CareerBuilder and RallyPoint, one of the largest military-focused online networks in the world, formed a partnership designed to help veterans quickly connect with top employers who want to actively recruit them to work for their companies.

Transitioning service members often rely on sites such as Military Times for unbiased news and information affecting their military and civilian lives.
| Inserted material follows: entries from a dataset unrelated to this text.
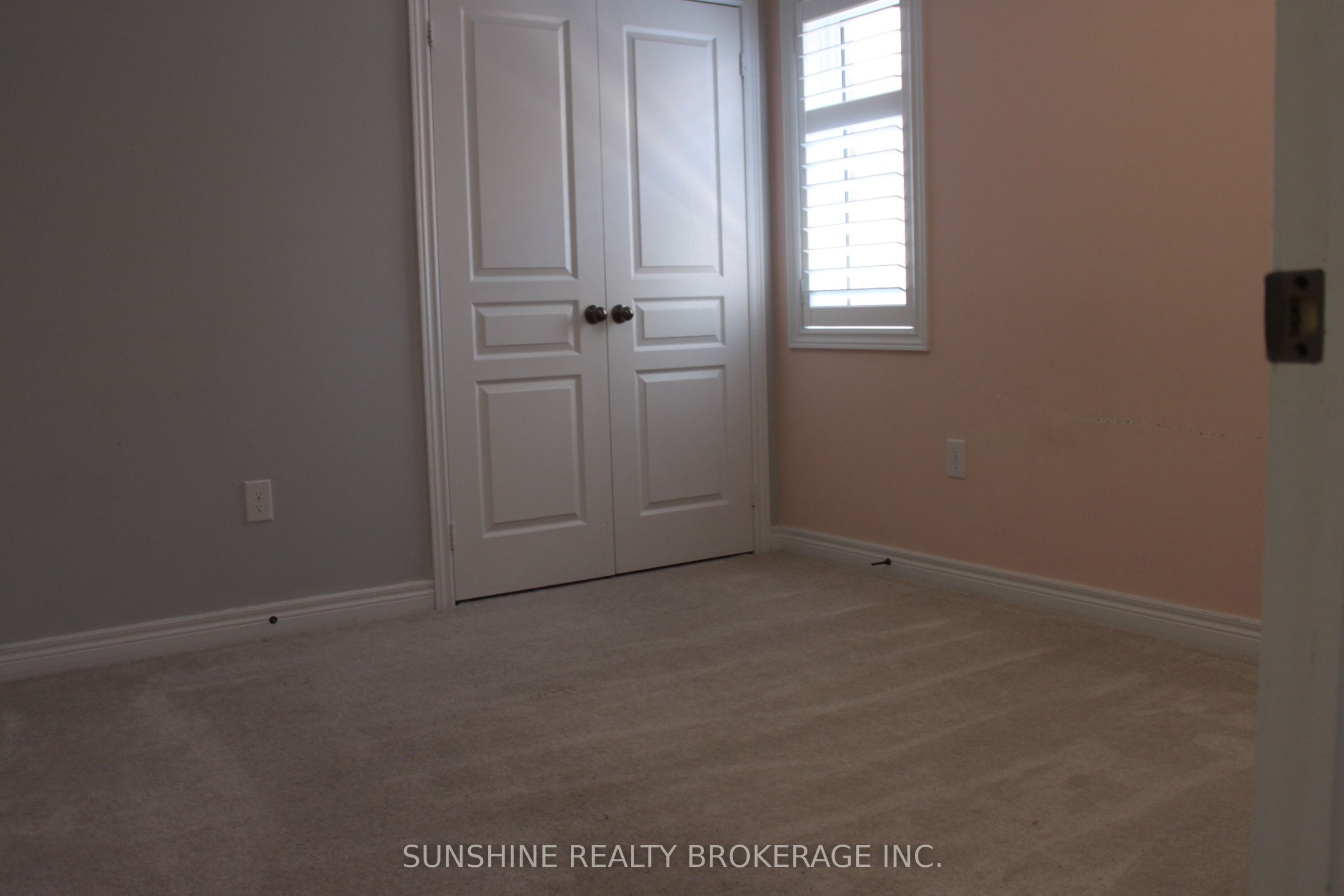 Additional image 6 of 27 Foxberry Road, East Gwillimbury, ON, L9N 0P6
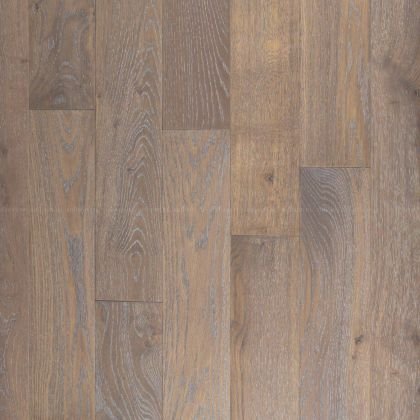 Kraft Parkett 108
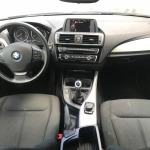 BMW (F21) 114D 95 CV PREMIERE 3P
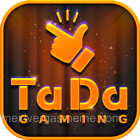 TADA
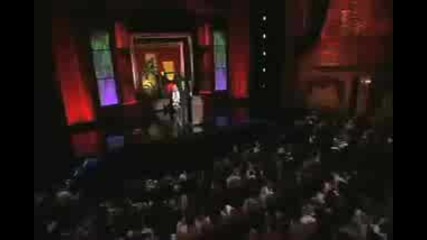 walter For President Jeff Dunham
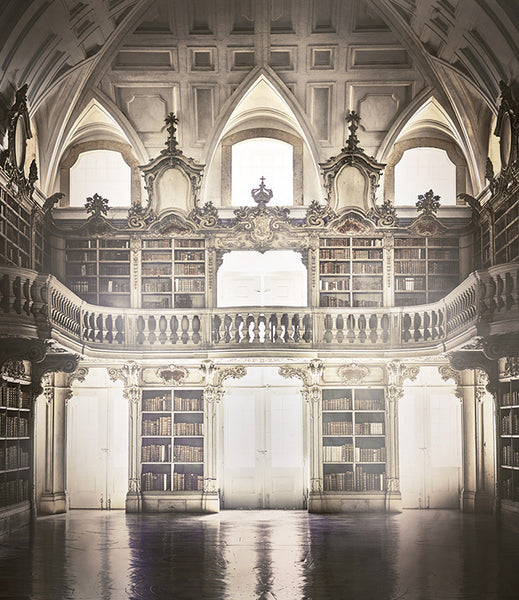 Joshua Jensen-Nagle Artwork | Bright, airy, nostalgic photographs of beaches, skiers, mountains, gardens, exteriors and interiors.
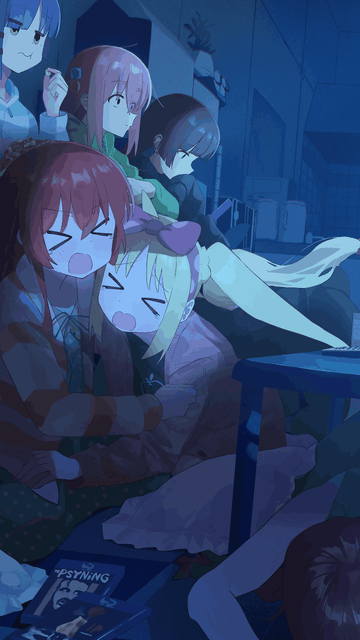 曼波动漫软件安卓版下载-曼波动漫软件最新版下载v1.9.0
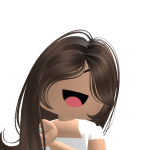 @4myQutie
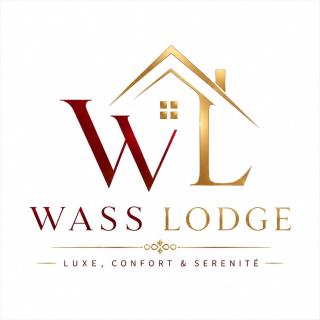 Wasslodge - 1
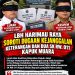 LBH HARIMAU RAYA : JANGAN BIARKAN DOKUMEN YANG BELUM TERUJI MENJADI DASAR KESIMPULAN HUKUM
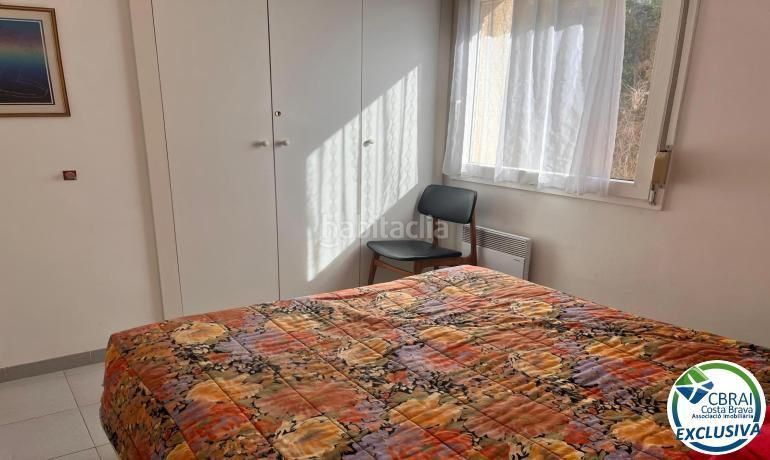 Foto 7bccbd64-002a-44d3-a33e-c1f9512e07e6. Apartament a Puig Rom-Canyelles-Almadrava Roses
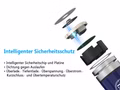 XTAR-AA-1-5V-4150mWh--ca--2500mAh--Lithium-Ionen-Akku--Wiederaufladbar--mit--Indikator-Lio-1-5-4842_1.jpg XTAR-AA-1-5V-4150mWh--ca--2500mAh--Lithium-Ionen-Akku--Wiederaufladbar--mit--Indikator-Lio-1-5-4842_1.jpg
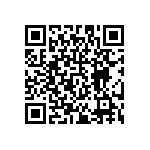 PTL20-10O0-105B2 QRCode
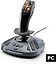 Thrustmaster SimTask Farmstick -peliohjain, PC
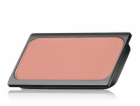 Artdeco Blusher Pink 10 Gentle Touch 5g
Their career site hosts a wide range of jobs across industries from employers actively looking to hire veterans, and comprehensive tools for service members and veterans to use in their job search.

Top skills veterans should highlight on their resume

In addition to functional skills and accomplishments, veterans, especially those who feel underemployed or are in low-paying jobs, should highlight their soft skills when marketing themselves to employers.

In particular, employers look for these skills that members of the armed forces typically bring to organizations after leaving active duty: Ability to work as a team. Disciplined work approach. Respect and integrity. Perform under pressure. Leadership skills

ALTERNATIVE TO A Traditional JOB or CAREER

We are recruiting veterans. We see the tremendous value in working with transitioning military personnel and veterans. We are veterans ourselves. Many of these service men and women are eager to start their civilian careers with us.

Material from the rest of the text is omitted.